Il falso dell’esecutore dell’operazione è reato proprio
Ai sensi del previgente art. 55 comma 2 del DLgs. 231/2007, “salvo che il fatto costituisca più grave reato, l’esecutore dell’operazione che omette di indicare le generalità del soggetto per conto del quale eventualmente esegue l’operazione o le indica false è punito con la reclusione da sei mesi a un anno e con la multa da 500 a 5.000 euro”.
A tal riguardo, la pronuncia della Cassazione n. 56393/2017, ricorda come, in base al previgente art. 21 del DLgs. 231/2007, i clienti dovevano fornire, sotto la propria responsabilità, tutte le informazioni necessarie e aggiornate per consentire ai soggetti destinatari del DLgs. medesimo di adempiere agli obblighi di adeguata verifica della clientela. In particolare, ai fini dell’identificazione del titolare effettivo, i clienti dovevano fornire per iscritto, sotto la propria responsabilità, tutte le informazioni necessarie e aggiornate delle quali fossero a conoscenza.

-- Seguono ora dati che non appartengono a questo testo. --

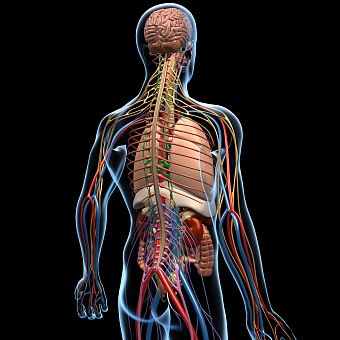 Неврологический фактор в наращивании мышечной массы.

A fronte di ciò, è sottolineato come la fattispecie di cui all’art. 55 comma 2 sia costruita come un reato proprio che solo l’esecutore dell’operazione può commettere. Ed il concorso di persone può essere ravvisato solo quando l’attività penalmente rilevante dell’esecutore dell’operazione sia perfetta in tutti i suoi elementi (circostanza non presente nel caso di specie, nel quale si ravvisava una inadeguata motivazione dei giudici di merito in ordine all’elemento soggettivo della fattispecie).
Si tenga presente, infine, che – nell’ambito dell’ampia riforma della normativa antiriciclaggio – la fattispecie in questione oggi confluisce nel nuovo art. 55 comma 3 del DLgs. 231/2007, ai sensi del quale, “salvo che il fatto costituisca più grave reato, chiunque essendo obbligato, ai sensi del presente decreto, a fornire i dati e le informazioni necessarie ai fini dell’adeguata verifica della clientela, fornisce dati falsi o informazioni non veritiere, è punito con la reclusione da sei mesi a tre anni e con la multa da 10.000 euro a 30.000 euro”.